Contemporary art rarely appears on Moscow’s main square, which is rightly considered a landmark. The large-scale objects in the ‘Red Garden’ exhibition have opened a new page in the history of this symbolic place.

Even at the height of summer, as the Kremlin chimes sound, the Red Square could hardly be described as a welcoming place. The vast, empty space is designed to impose; to reduce the individual to their appropriate size in relation to the vastness of Russia and its history. And despite the skating rink that appears there each winter, it would rarely be thought of as playful, either; the Kremlin and Lenin’s Tomb too severe, the GUM shopping centre too grand, to be anything other than serious.

The GUM-Red-Line Gallery, which this July opened the first display of public art on the square, appears to challenge these expectations; to carve out a place for play and experimentation in this unlikely environment. Headed by Igor Kazakov, the ‘Red Garden’ exhibition - the gallery’s second festival, delayed for a year, because of the pandemic - has brought together eight Russian artists to create large-scale sculptures that stand alongside the wall of the shopping centre. The only brief was to respond to the concept of “garden” - and the pieces are eclectic; encompassing, in the words of curators Marina Fedorovskaya and Anton Kochurkin, “land art, conceptualism, media art, postmodernism, surrealism, abstraction (and) interactive installations”.

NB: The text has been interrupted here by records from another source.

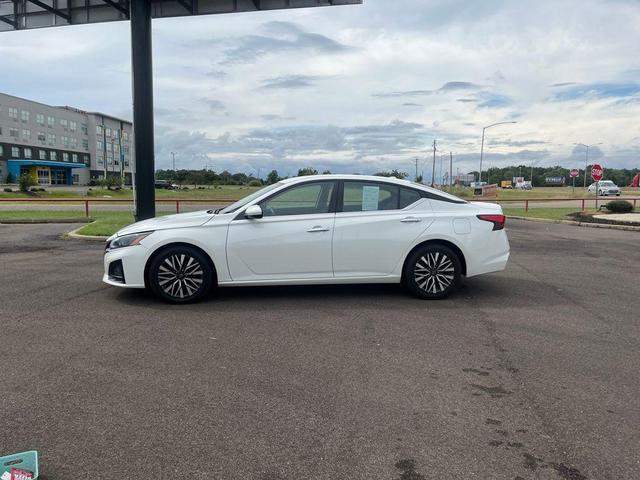Photo of 2023 Pearl White Tri-Coat Nissan Altima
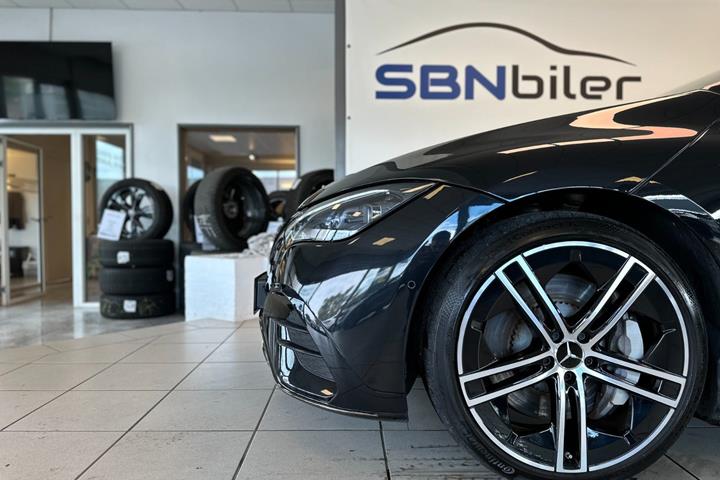 Sort Mercedes EQE500 fra 2023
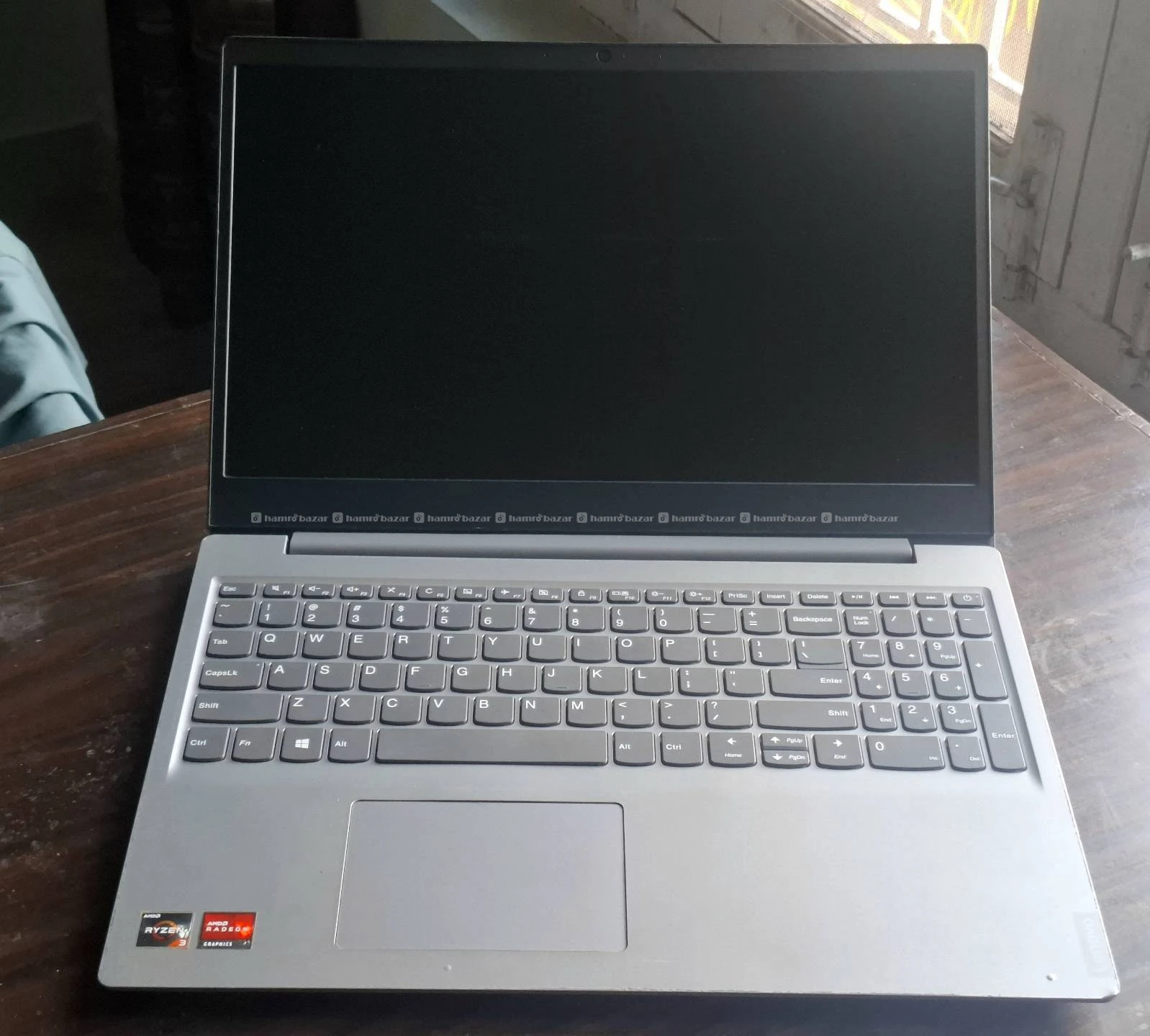 Lenovo Ideapad
Ryzen3
8GB RAM
256GB SSD
500GB HDD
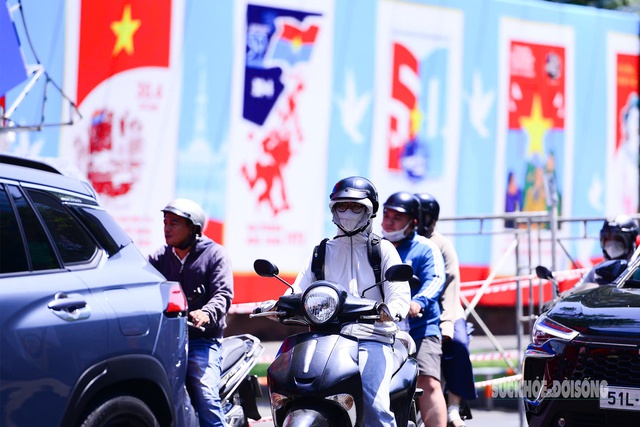 Nhiều khu vực ở Bắc Bộ, Trung Bộ có nắng nóng gay gắt- Ảnh 2. Nhiều khu vực ở Bắc Bộ, Trung Bộ có nắng nóng gay gắt- Ảnh 2.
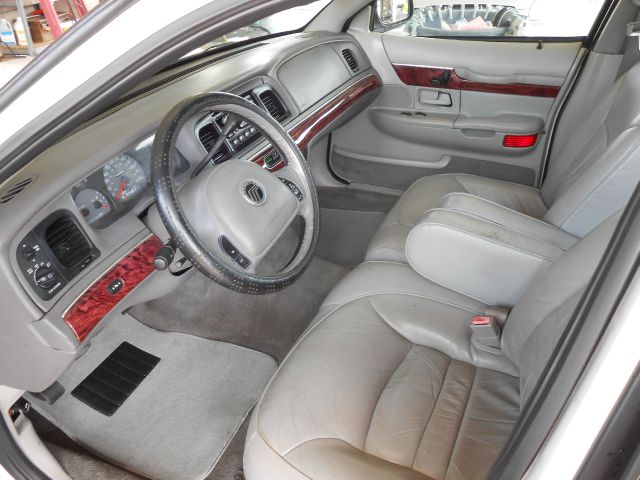 Mercury Grand Marquis 2001 photo 1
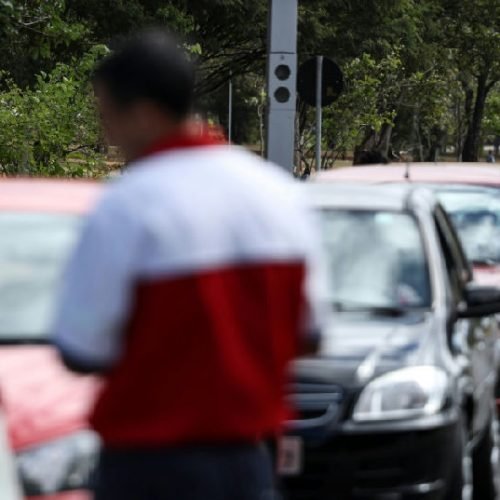 Gasolina tem queda de R$ 0,44 por litro na Bahia após subvenção federal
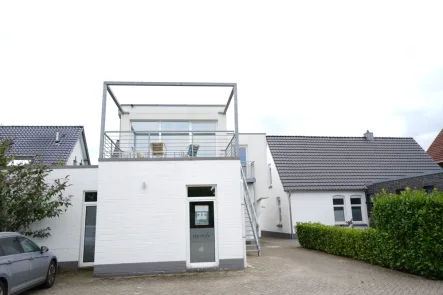 Blick auf den Balkon - Sonstige Immobilie mieten in Nordhorn - Moderne Gewerbeeinheit zur Miete in Nordhorn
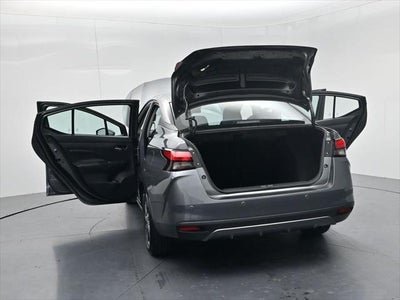 2023 Nissan Versa 1.6 SV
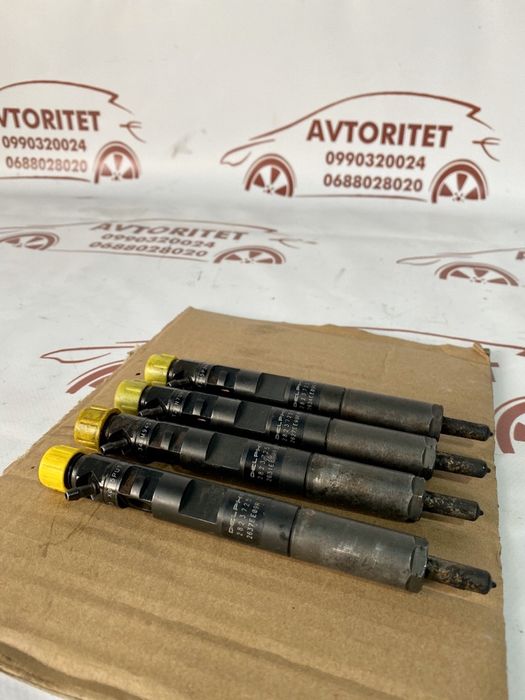 форсунка форсунки 1.5dci K9K renault dacia nissan delphi siemens бош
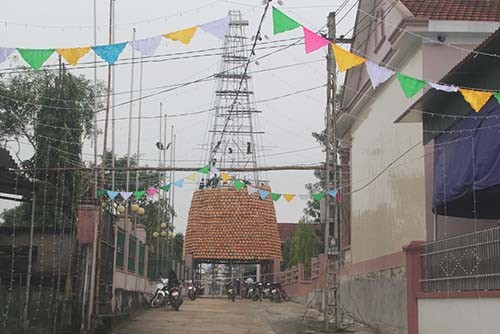 Cây thông làm bằng nồi đất. Ảnh: Nghi Vạn.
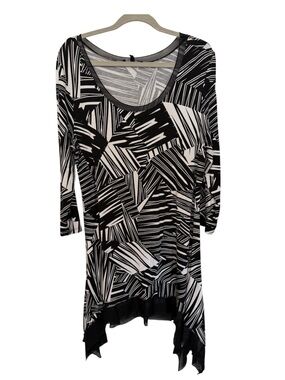 Cable & Gauge Black and White Abstract Tunic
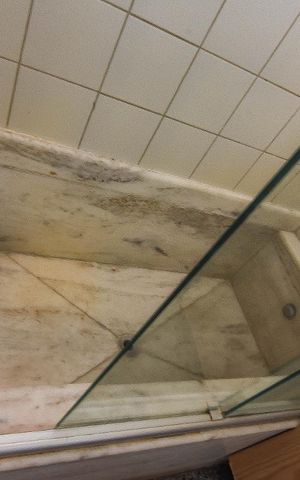 Apartamento à venda com 200m², 3 quartos e 3 vagas Apartamento à venda com 200m², 3 quartos e 3 vagasBanheira Banheiro Quarto 1 Suíte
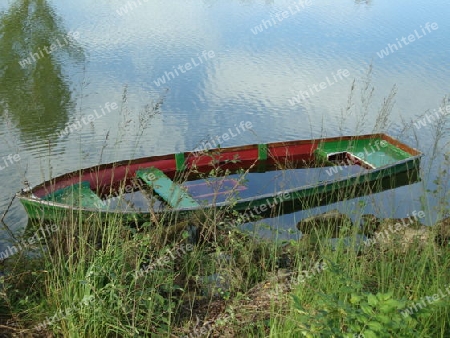 Ruderboot austariert, Linthkanal, Z?richsee, Schweiz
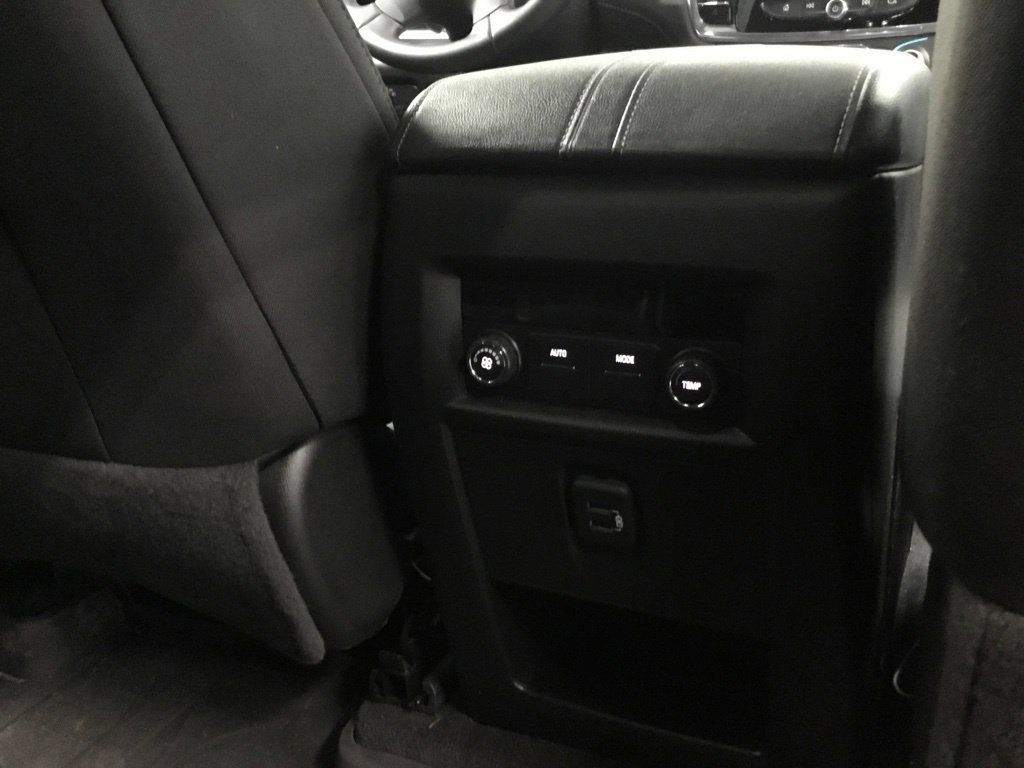 Used 2023 Chevrolet Traverse LT FWD image 23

Walking onto the Square from direction of Tverskaya Street, the visitor first comes across Aristarkh Chernyshev’s (b. 1968) ‘Big Head from Ancient Times’ in synthetic material, modelled on the face of Alexander the Great, lying on its side as if in ruin. A circle of light, like a ‘loading’ symbol of a computer screen, spins where the features should be. Whatever the symbolism of the work, it was likely ignored by the young girl climbing on top of the sculpture on a recent weekday afternoon, as her father looked on. Further is Vasilisa Prokopchuk and Evgeny Bragin’s ‘Impassible Wood’, where children were also running through dangling branches, hung from a metal frame. By the entrance to GUM are Nikolay Polissky’s (b. 1957) soaring wooden ‘Column’; Dmitry Aske’s (b. 1985) colourful ‘After Makosh’, named aver the Slavic goddess of women and feminine trades; and Roman Ermakov’s (b. 1985) ‘Stable Composition’, made up of abstract shapes, which could be read as peas in a pod. Rinat Voligamsi’s (b. 1968) metal ‘Star’; Andrey Filippov’s (b. 1959) angular ‘Gnomon’; and Dmitry Zhukov’s (b. 1972) ominous, forged steel ‘French de Sad’ make up the set. The works themselves are pleasingly varied, as is the audience reaction: for some, the exhibition is a display of contemporary art, for others, a backdrop for selfies, and for others still, a playground.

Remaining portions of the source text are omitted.